Improving staffing and infrastructure at health facilities in PNG through digitised assessments.

Health facility assessments in Papua New Guinea have been successfully digitised in Tupaia – a GIS and data intelligence platform built by BES – in June 2025. The project, co-funded by the World Bank Group and the Australian Government’s Department of Foreign Affairs and Trade (DFAT) was implemented by partners, the United Nations Office for Project Services (UNOPS) and BES.

In Papua New Guinea, routine health facility assessments allow the national Department of Health to identify gaps in areas like health service provision, staffing levels, infrastructure and biomedical equipment.  In the past, the process for conducting these assessments was made particularly time consuming thanks partly to the use of PDF forms for data collection and spreadsheets for analysis and reporting. 

 

 

In June 2025, the health assessments were fully digitised in Tupaia which means that data reporting is now integrated with data collection with the aim of improving the efficiency, quality and accessibility of health assessments. The digitised tool provides health administrators with valuable information to make decisions about where to allocate resources to improve health services for the people of Papua New Guinea. Improved resource allocation should in turn result in better health outcomes.

 

Gau Baru, Chief Technical Officer, Health Engineering Services, National Department of Health, piloting Tupaia at 6 Mile Polyclinic, 4 June 2025

 

The key changes made through digitisation of the health facility assessment tool are the speed with which reports are generated and the quality and accessibility of data contained in the reports. Auditors can now collect data through Tupaia’s offline app, MediTrak, while customised reports built in Tupaia.org update as soon as new data syncs. The reports contain a vast array of data, including comparisons with national standards, which is summarised into dashboards and maps that use colour to visually identify areas of concern. 

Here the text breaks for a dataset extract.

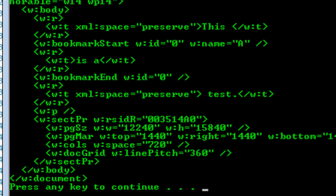What we can do is transform the Word Processing ML into an invalid form of Word Processing ML, just for the purposes of making it easier to retrieve the text of the bookmark. We of course never want to write this invalid form back out to the document again — that would be bad — but we can do this just for the purposes of retrieving the text of a bookmark.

The system also includes an inventory management module that uses Tupaia’s QR Code capabilities for maintaining records on biomedical and static equipment.

 

Infrastructure & Engineering dashboard in Tupaia.org

 

“The tool is one important element that we have been longing for, and having the condition and status (of a facility) known to us has always been challenging. The tool will provide us with the evidence and data we really need to help with evidence based decision making.”

Ambrose Kwaramb, Head of National Health Services Standards

Between April and June 2025 and in collaboration with UNOPS and NDOH, BES imported into Tupaia NDOH’s six assessment surveys and data for 31 health facilities, built reporting dashboards containing over 200 separate data visuals, and piloted the tool with the National Health Services Standards team at 6 Mile Polyclinic health facility in Port Moresby.

“I find the tool very easy, very reliable and user friendly. Previously we used paper which took a lot of time and some data went missing. With Tupaia we just enter data and the information is straight there on the dashboard”

Roy Matthew, Nursing Officer at 6 mile Polyclinic

 

BES is proud to have contributed to the digitisation of health facility assessments in PNG.